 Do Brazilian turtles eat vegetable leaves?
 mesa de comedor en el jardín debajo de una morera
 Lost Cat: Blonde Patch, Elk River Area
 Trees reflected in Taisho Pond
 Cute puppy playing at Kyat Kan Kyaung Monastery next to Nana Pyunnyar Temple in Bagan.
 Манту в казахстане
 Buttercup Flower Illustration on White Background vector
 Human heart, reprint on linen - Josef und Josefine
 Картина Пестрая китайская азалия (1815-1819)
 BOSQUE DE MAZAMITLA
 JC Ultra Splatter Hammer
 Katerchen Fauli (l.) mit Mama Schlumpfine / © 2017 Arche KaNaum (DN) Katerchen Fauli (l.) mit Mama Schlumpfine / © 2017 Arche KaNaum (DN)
= = =
Repeat, word for word, all of the data shown above.

 Do Brazilian turtles eat vegetable leaves?
 mesa de comedor en el jardín debajo de una morera
 Lost Cat: Blonde Patch, Elk River Area
 Trees reflected in Taisho Pond
 Cute puppy playing at Kyat Kan Kyaung Monastery next to Nana Pyunnyar Temple in Bagan.
 Манту в казахстане
 Buttercup Flower Illustration on White Background vector
 Human heart, reprint on linen - Josef und Josefine
 Картина Пестрая китайская азалия (1815-1819)
 BOSQUE DE MAZAMITLA
 JC Ultra Splatter Hammer
 Katerchen Fauli (l.) mit Mama Schlumpfine / © 2017 Arche KaNaum (DN) Katerchen Fauli (l.) mit Mama Schlumpfine / © 2017 Arche KaNaum (DN)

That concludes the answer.